When it’s illegal to live with your friends…

doubled beds
Come out of your intentional community with your hands up!
(image: Barnacles/Flickr)

There are two reasons why I recommended that friends who want to cultivate deeper relationships with each other move into apartment buildings yesterday.  The first reason is simply that they’re convenient.  When a building is large enough, it’s relatively easy to find an open unit in your friend’s building to move into (especially if you live in a high turnover town, like I do).  Plus, apartment buildings let you be neighbors (in terms of a 5 minute door-to-door distance) without actually having to share walls. But the other reason to try to live with your friends in apartment buildings, rather than in big, shared houses is that suburban solution is often illegal. In Hartford, Connecticut a group of families that decided to live for and with each other is facing a demand to leave their home for violating zoning laws:

The controversy centers on 68 Scarborough St., a nine-bedroom brick mansion shared by eight adults and three children — an arrangement among longtime friends who share monthly expenses, chores and legal ownership of the stately home, said Julia Rosenblatt, who lives there with her husband and two kids. The residents bought the nearly 6,000-square-foot house for $453,000 in August, although only two of the owners are listed on the mortgage and city property record. They take turns cooking dinner, have pooled money into one bank account and entertained themselves last week with a family talent show because, Rosenblatt said Thursday, “we intentionally came together as a family.” But a coalition of neighbors, while conceding that the occupants of 68 Scarborough “are nice people,” have argued that the nontraditional household violates the neighborhood’s zoning for single-family homes. Living in the house are two couples with children, a couple with no children and two individuals. About three weeks ago, 68 Scarborough was hit with a cease-and-desist order from the city after zoning officials determined that the setup “doesn’t meet the definition of a family.”
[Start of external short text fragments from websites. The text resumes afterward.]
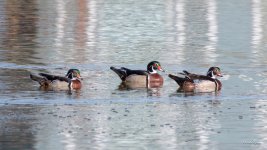 WoodDucks-401.jpg
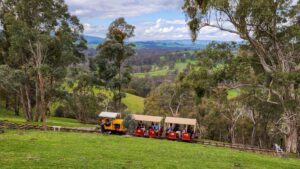 View from the Kerrisdale Mountain Railway between Trawool and Homewood with the rail trail down in the valley in the background [2022]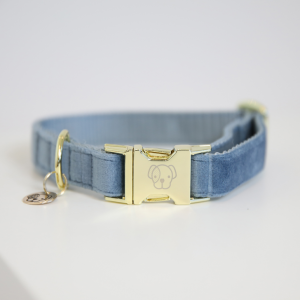 Kentucky Dog Collar Velvet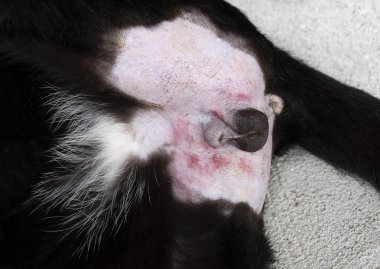 Ameliyattan sonra erkek siyah kedi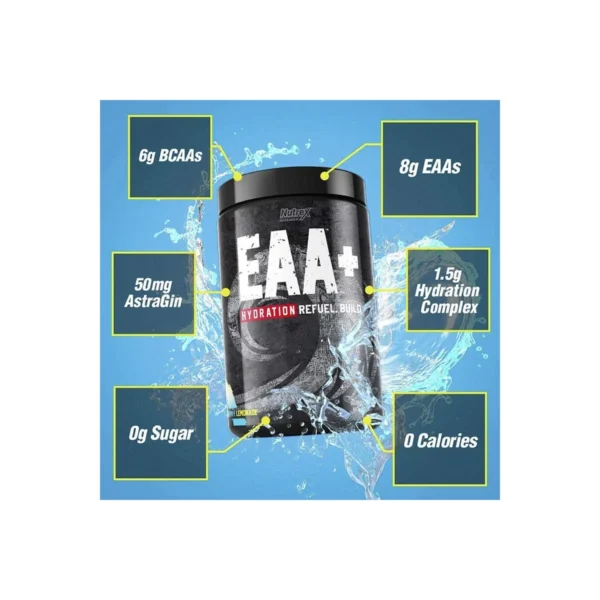 اینفوگرافیک ویژگی‌های کلیدی مکمل EAA نوترکس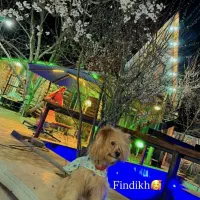 نگهبانی و سرایداری در ویلا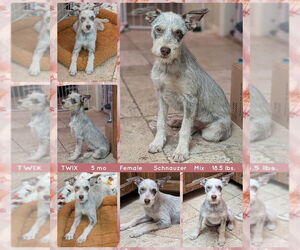 Mutt Dogs for adoption in Mesa, AZ, USA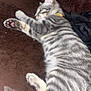 Simba a rejoint le concours — aidez-le/la à gagner de superbes lots ! cat, kitten, sleeping, gray_tabby, striped, paws, pink_pads, feline, pet, domestic_cat, resting, cozy, blanket, brown, fur, whiskers, animal, cute, indoor, relaxing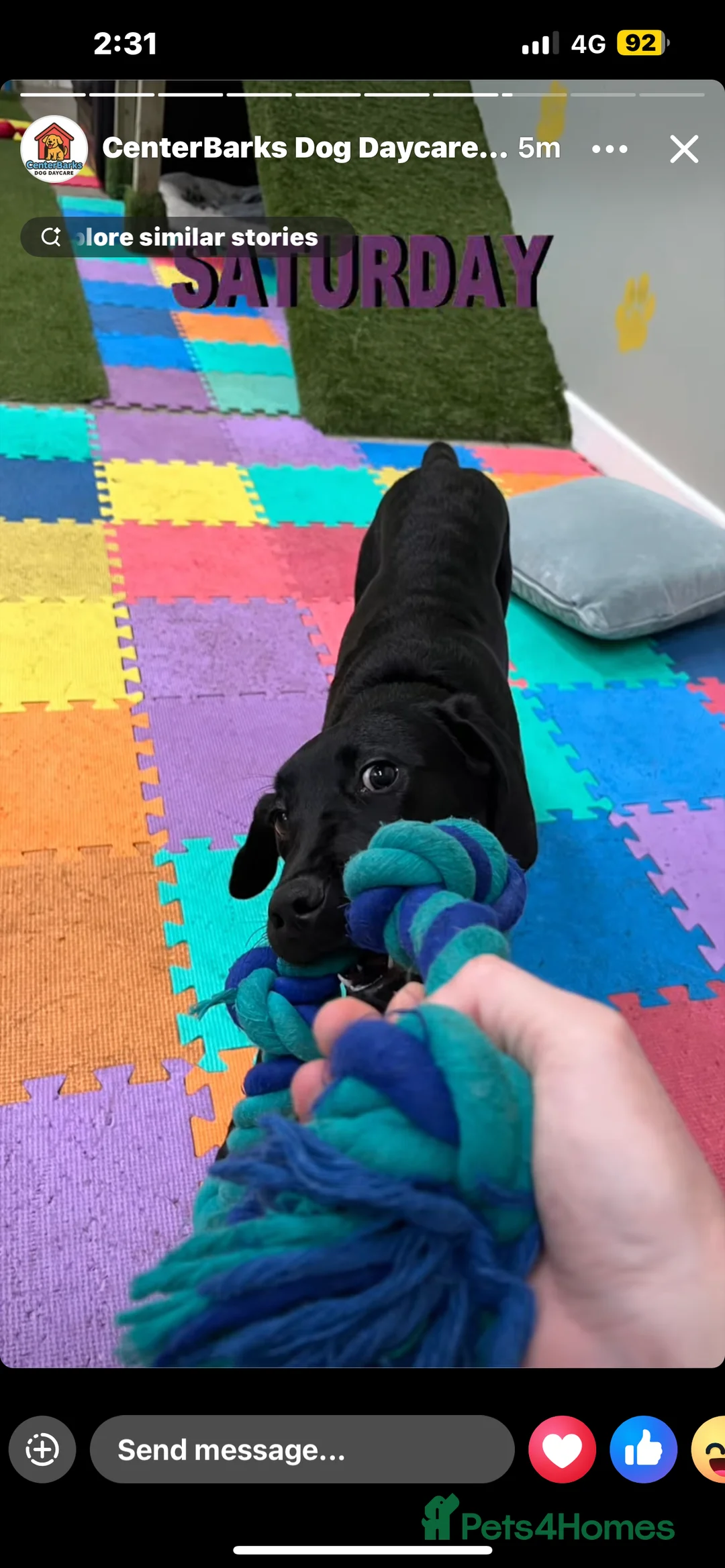 Mixed Breed dogs for sale: Labrador cross dalmation - Advert 4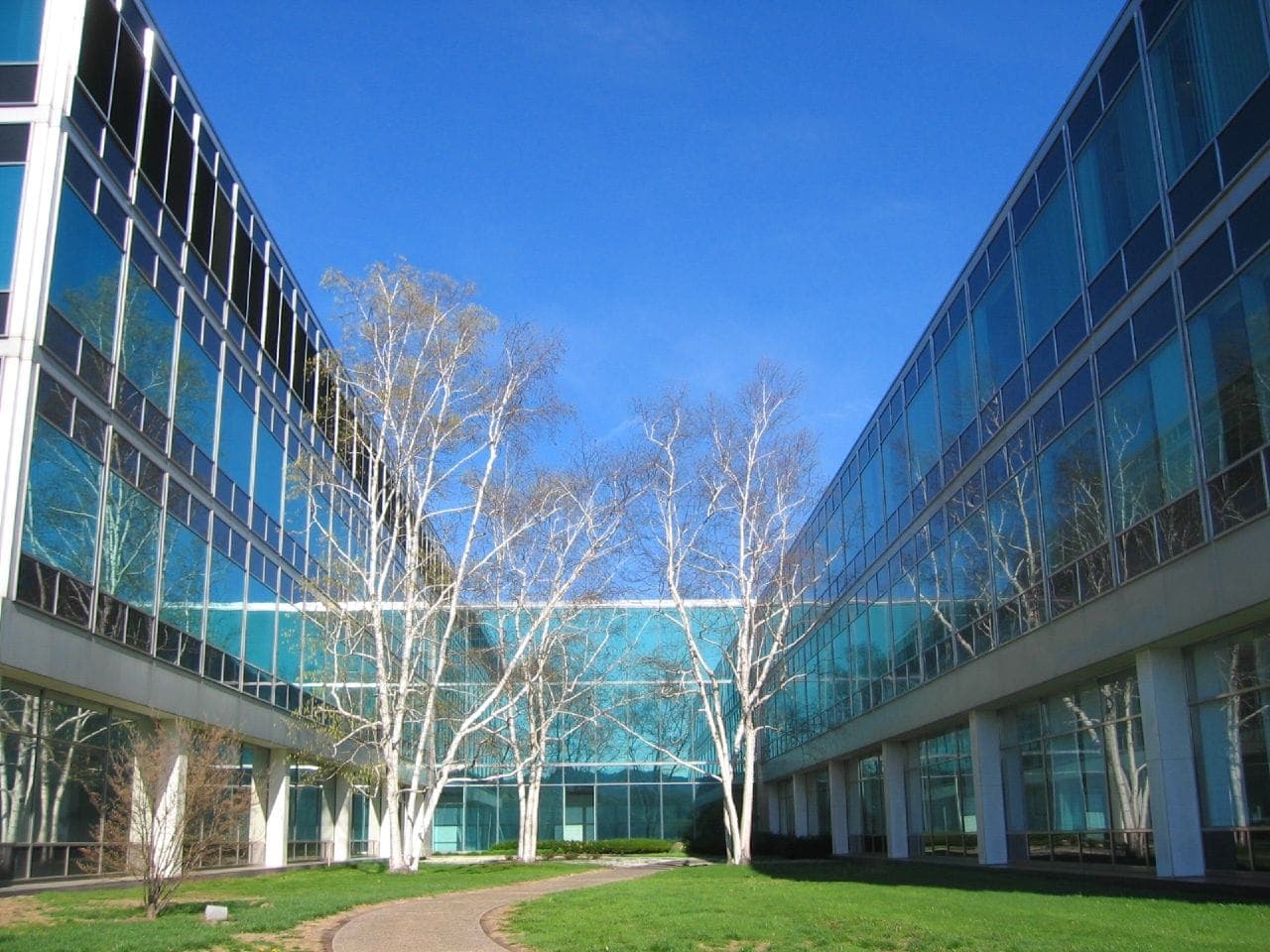 Cigna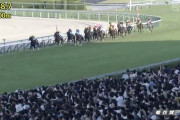 【菊花賞】セイウンハーデス幸英明の暴走で今年の菊花賞が糞レースになってしまった w w w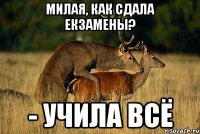 милая, как сдала екзамены? - учила всё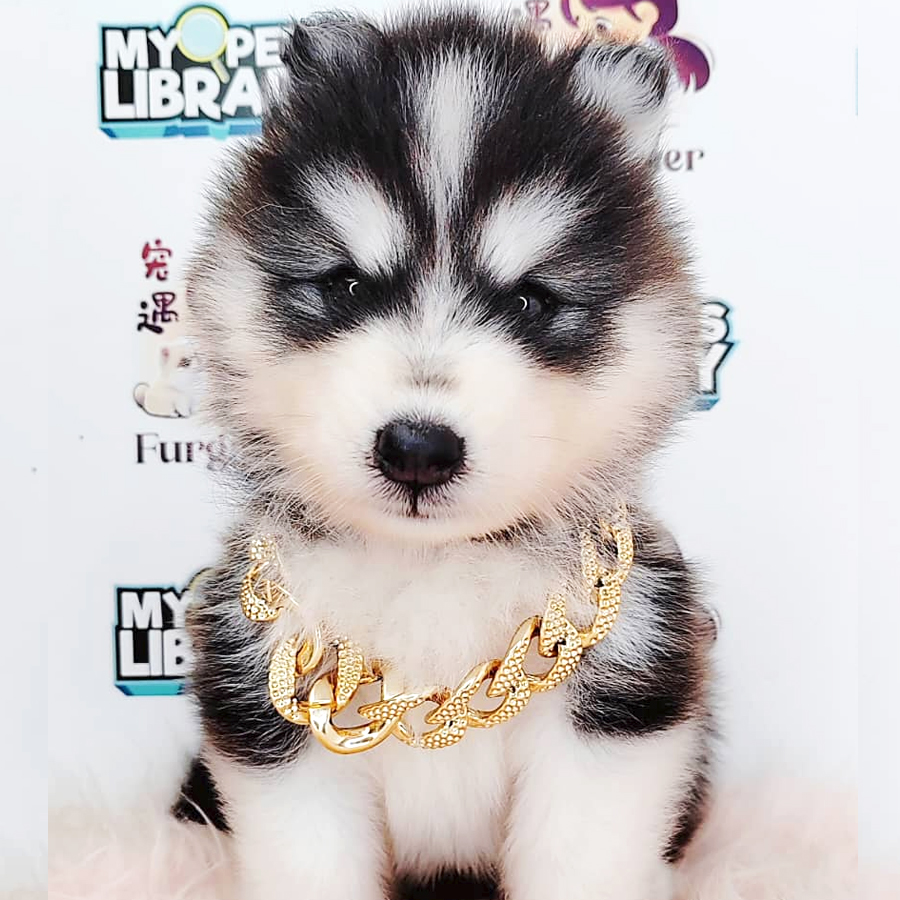 Pomsky Puppy (Male) For Sale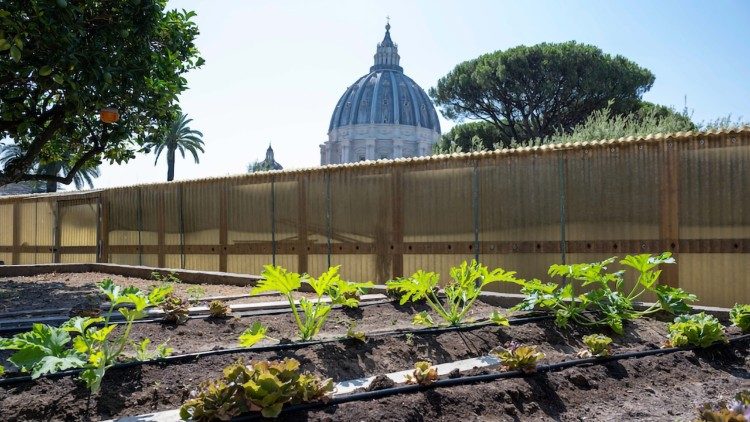 L'orto dei Giardini Vaitcani: 400 metri quadrati coltivati secondo criteri biologici. 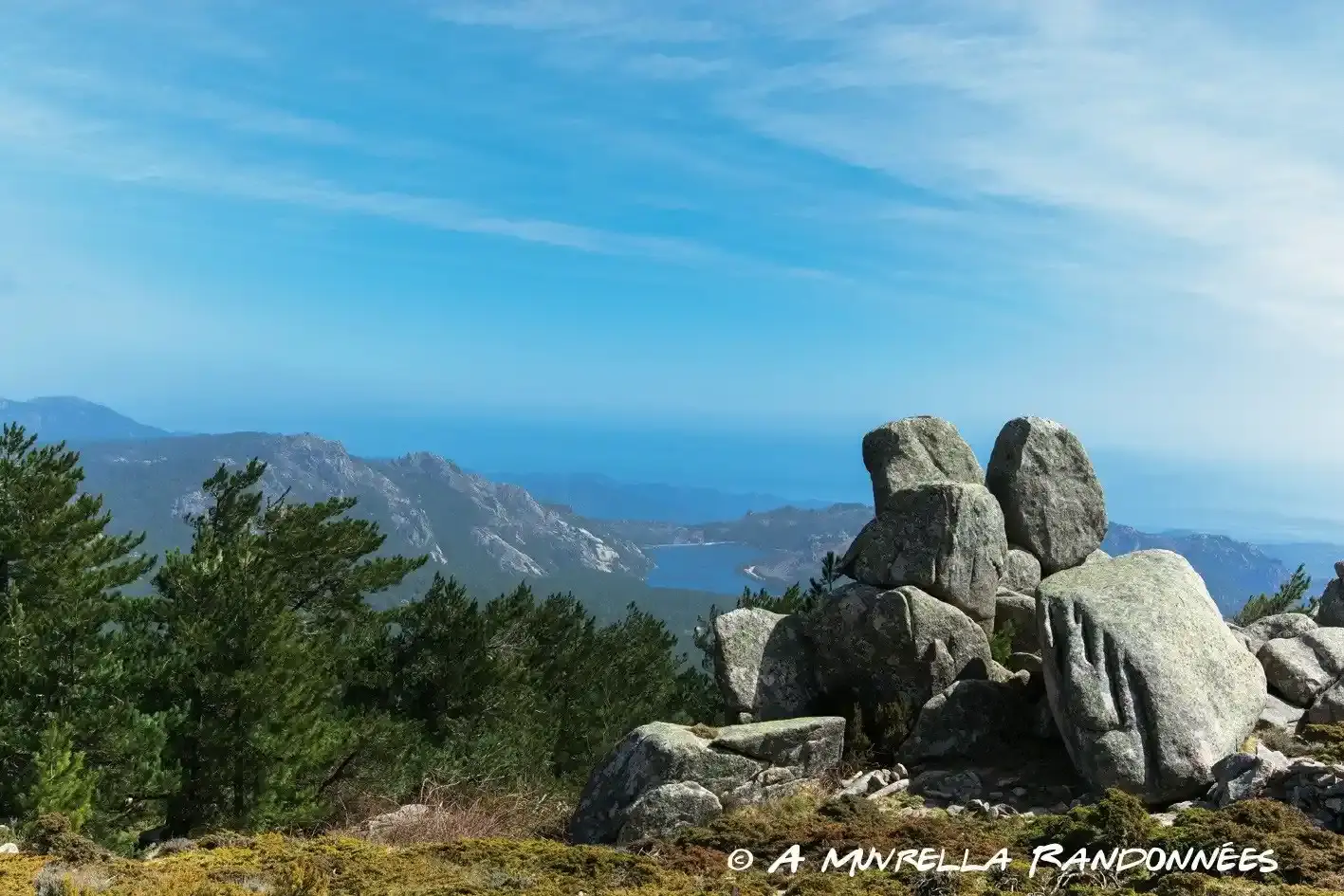 Sommets montagneux rocheux surplombant le littoral bleu de la Corse avec des pins laricio au premier plan.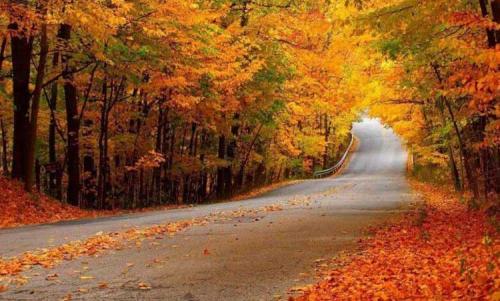 طبیعت دیدنی جنگل‌های شمال در پاییز /عکس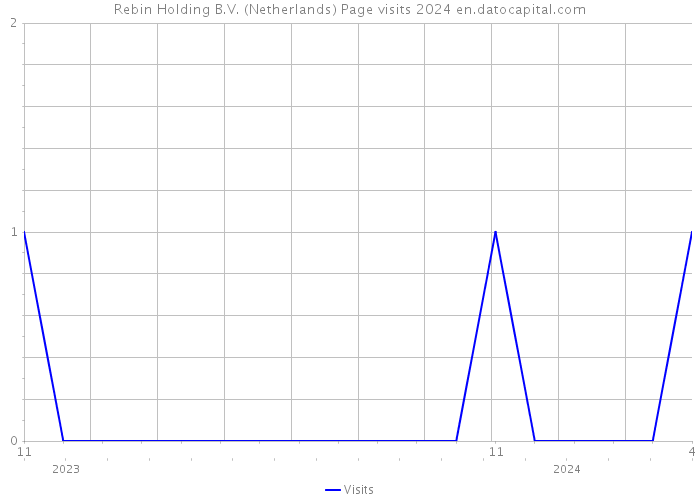 Rebin Holding B.V. (Netherlands) Page visits 2024 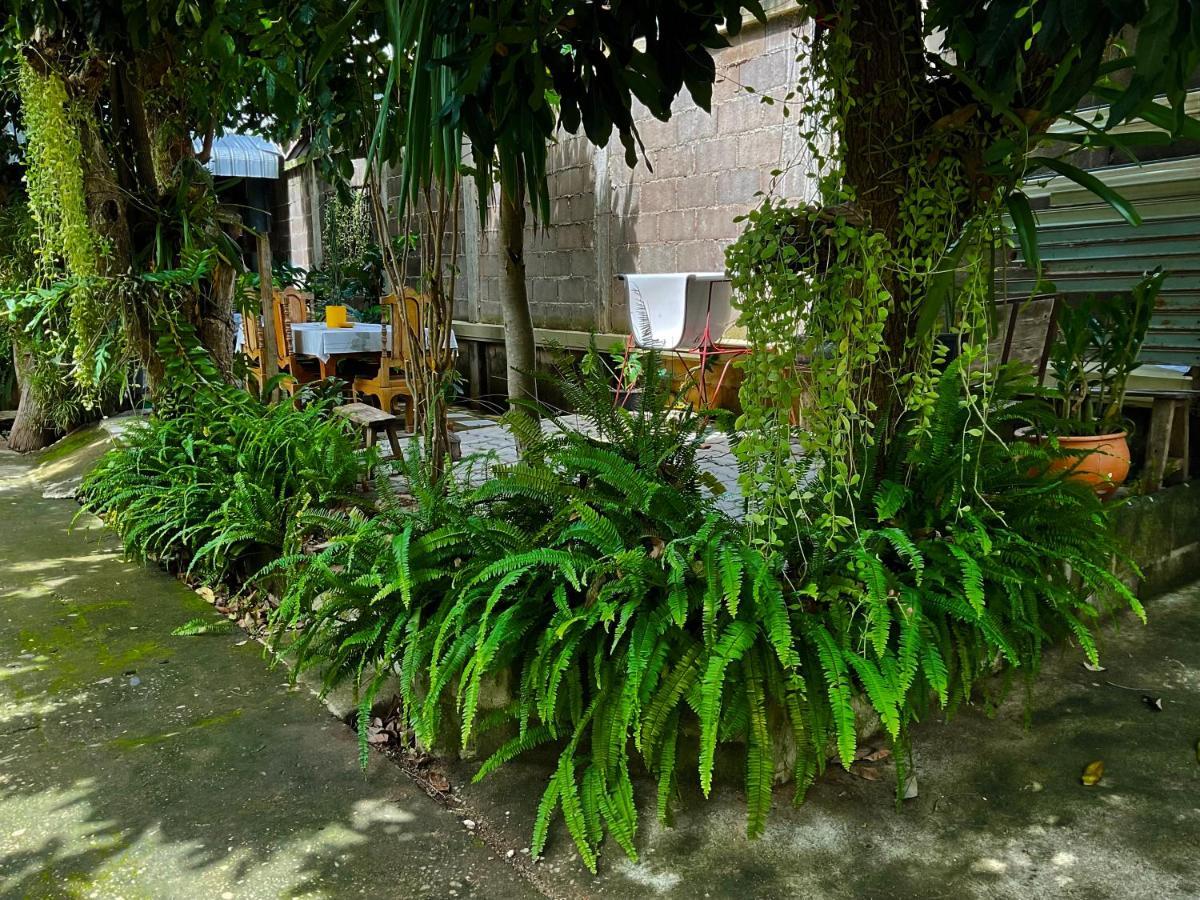 מאה צ'אם Kwanlah Homestay מראה חיצוני תמונה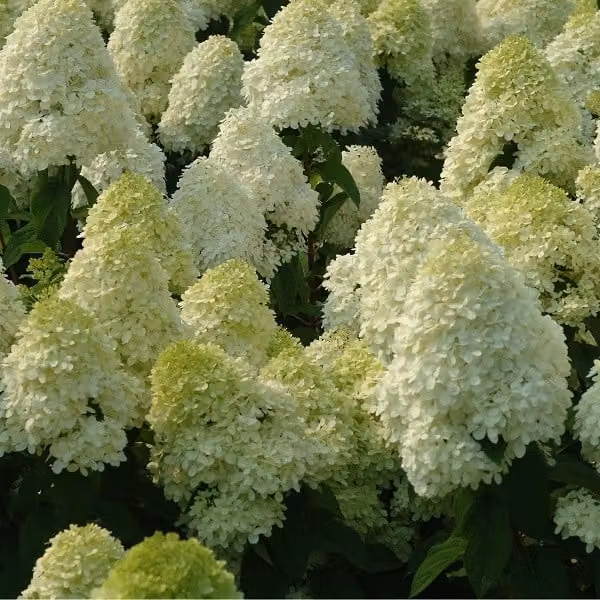 2 ortensie - Hydrangea paniculata 'Limelight' | Altezza 40-50 cm, in vaso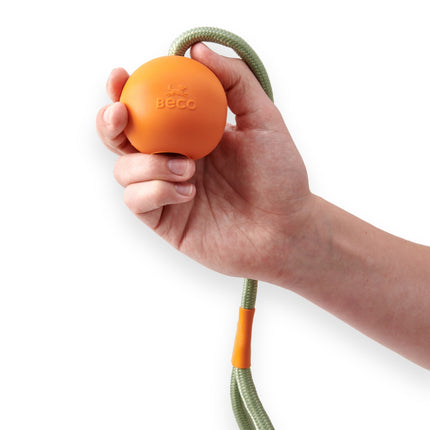 Slinger Ball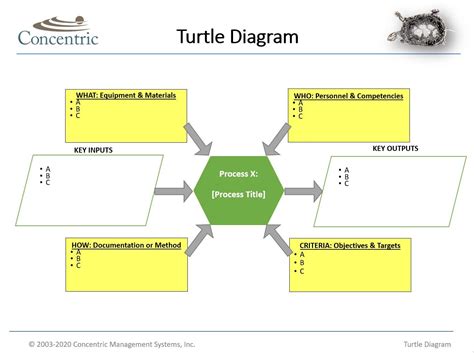 Instructions For Creating A Turtle Diagram | Concentric Global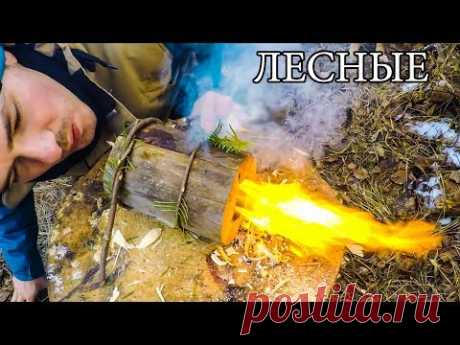 7 ПРОСТЫХ СОВЕТОВ ДЛЯ ЛЕСА | 7 BUSHCRAFT TIPS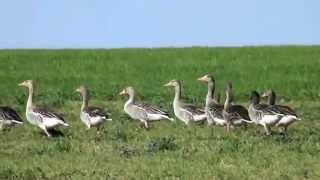 Gaste salbatice Greylag Geese Anser anser [upl. by Concettina]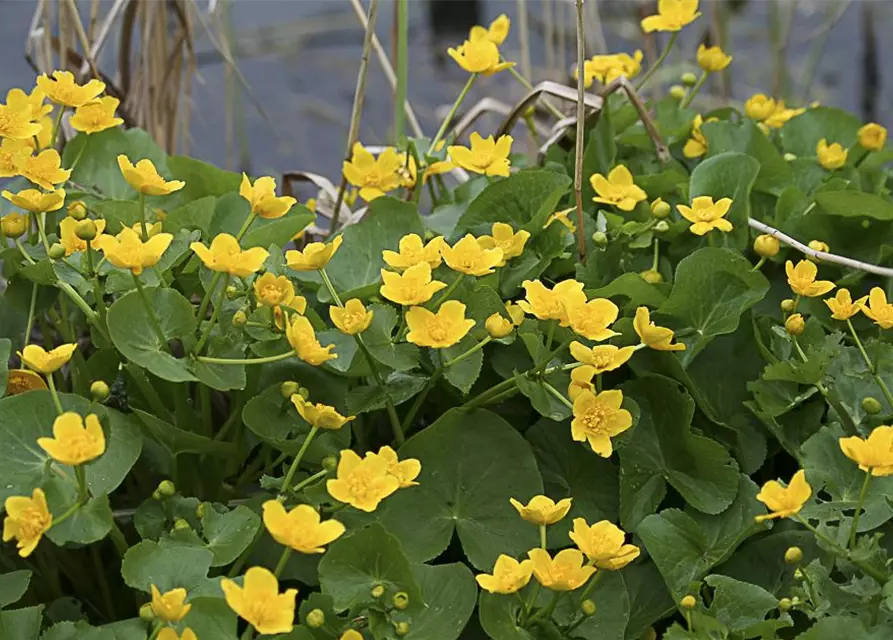 Caltha palustris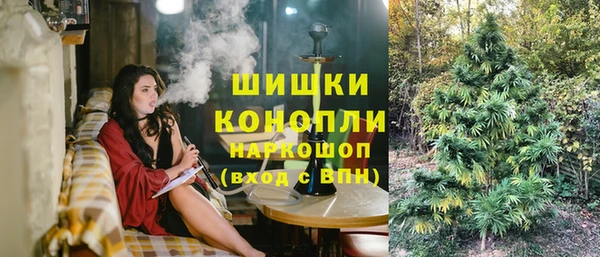 тгк Аркадак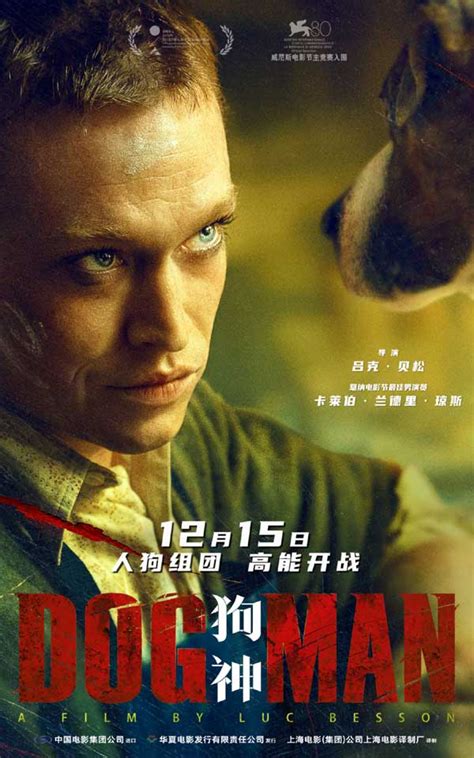 佛兰德斯的狗真人电影之义犬报恩ADg图片
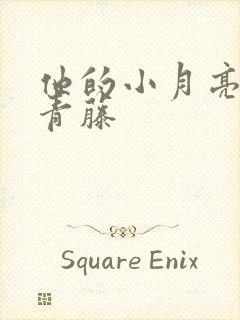 他的小月亮by青藤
You don’t have to be trying anything as expansive as the Hartford families to run afoul of the law.  As the Rental Property Owners Association explained, many zoning laws limit, sometimes sharply, the number of unrelated people who can live together, even if there’s plenty of space. The RPOA used the Grand Rapids zoning law as an example:

Family shall consist of one (1) of the following: (a) An individual living in a single dwelling unit. (b) A group of two (2) or more persons related by blood, marriage or legal adoption living in a single dwelling unit. (c) Not more than six (6) foster care children living in a single dwelling unit. This provision is subject to P.A. 396 of 1976 as amended (MCL 125.583b). (d) Not more than four (4) unrelated persons eighteen (18) years of age or older living in a single dwelling unit. (e) Not more than six (6) foster care adults living in a single dwelling unit. This provision is subject to P.A. 218 of 1979 as amended (MCL 400.701 to 400.737).

As you can see, paragraph (d) above would limit the number of college students living together in one unit to a total of four—unless, of course, all the students were brothers and sisters from the same biological family. (Other communities, especially “college towns,” have even stricter unrelated person limits—some as few as no more than one unrelated person. For example, if a brother and sister are sharing a rental unit while attending college, they may not be able to ask another person to live with them as the other person is unrelated to both the sister and brother—creating a two unrelated person situation.)

Pretty hard to set up a lay community or simply a shared home in those circumstances.  It gets even trickier if the zoning laws set down a maximum “two heatbeats per bedroom” rule — no paired bunk beds or someone routinely sleeping on a trundle bed in the living room allowed. The laws are set up to be accommodating of families of blood, but forbidding to families of friends — people who re-adapt the extended family model and become non-blood aunts and uncles and cousins to each other.  When your life already includes a tangle of aunts, like Rose in Eight Cousins, it’s simple to add more Aunties, whether or not they’re related to you.  But, as Andrew Yuengert points out at Front Porch Republic, the two kids and a dog model doesn’t just limit the role of the extended family by excluding them from everyday life, it limits how many Aunties you can expect to have:

We don’t need a chart to see that a reduction in family size reduces the number of siblings, but the fact that the number of parents and grandparents is stable may distract us from the collapse in the number of aunts/uncles and cousins. For example, when average family size falls from four to three, each person loses a sibling, of course, but he or she also loses four aunts and uncles and twelve cousins. The collapse to one child wipes out the siblings, but it also wipes out the aunts/uncles and cousins.

As the result of our family sizes, we have fewer natural aunts and uncles and cousins to include in our lives.  As the result of our zoning laws, we can lose the chance to build similarly intimate extended relationships as a supplement to our flesh and blood family.